La nuit où Moubarak est tombé
En Egypte, l’impensable se produit le 11 février 2011: l’annonce de la démission du vieux « raïs ». « La nuit où Moubarak est tombé, j’ai pleuré de joie. Je n’arrivais pas à croire que le peuple égyptien pouvait être aussi courageux et beau. Cela ressemblait à l’aube d’une nouvelle ère », se souvient l’auteure. « Et puis, la Syrie. Si j’étais heureuse pour l’Egypte, surprise par l’Égypte, j’étais en extase pour la Syrie. » Six mois avant son assassinat à Istanbul, en octobre 2018, le journaliste et dissident saoudien Jamal Khashoggi affirmait que les révoltes arabes avaient définitivement mis fin à l’idée que les Arabes et la démocratie étaient incompatibles. « Avec le Printemps arabe, le débat sur la relation entre islam et démocratie a pris fin ». Outre Ben Ali et Moubarak, le Printemps arabe a permis de renverser Mouammar Kadhafi en Libye, Ali Abdallah Saleh au Yémen puis, huit ans plus tard, Omar el-Béchir au Soudan. Cinq dictateurs et 146 années de règne au total – sans compter les 12 ans de Saleh à la présidence du nord du Yémen avant l’unification du pays en 1990. Durant les premiers mois de ce chamboule-tout historique, l’effet domino paraît aussi inéluctable que les autocrates arabes semblaient intouchables.
Mais le « Printemps » tant attendu fera long feu. Ironie de l’histoire, l’expression « Printemps arabe », apparue fin janvier 2011, n’a été que rarement utilisée dans les pays de la région, où les termes « soulèvement » et « révolution » ont été préférés. Elle a en tous cas vite donné lieu à une expression inverse, mise en avant dans l’ouvrage de l’Américain Noah Feldman « Arab Winter » (« L’hiver arabe »). Un hiver qualifié d' »échec tragique » par l’universitaire canadien Michael Ignatieff. A l’exception de la Tunisie, le vide créé par la chute de régimes vilipendés n’a pas été comblé par les réformes démocratiques réclamées par la rue.
A l’autre bout de la région, les premières manifestations en Algérie, pays meurtri par la guerre civile, n’ont pas pris – son heure viendra en 2019. Au Maroc, le mouvement du 20-Février 2011 a été réduit au silence par des réformes cosmétiques et une sourde répression judiciaire.
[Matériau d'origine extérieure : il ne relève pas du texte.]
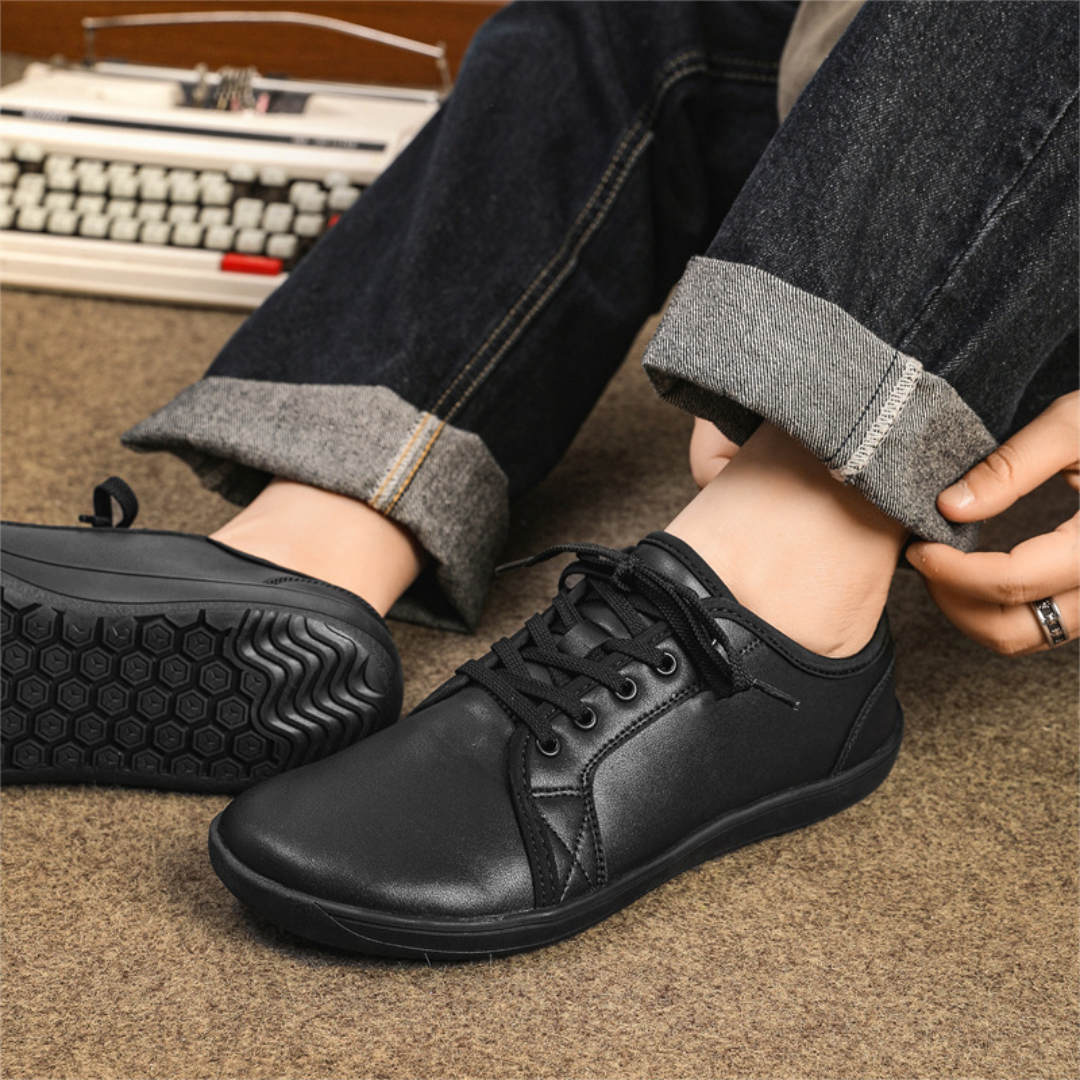 OrthoFree Lorry Vamp Barfußschuhe Leder In Schwarz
En Libye, les révolutionnaires se sont divisés en une myriade de groupes dans un pays plus que jamais fragmenté et sujet aux ingérences étrangères. Le Yémen, pays le plus pauvre de la péninsule arabique, s’est engouffré dans un conflit civil aux ramifications régionales. Mais la tombe du Printemps arabe restera la Syrie, où les manifestations pro-démocratie ont mué en un impitoyable conflit.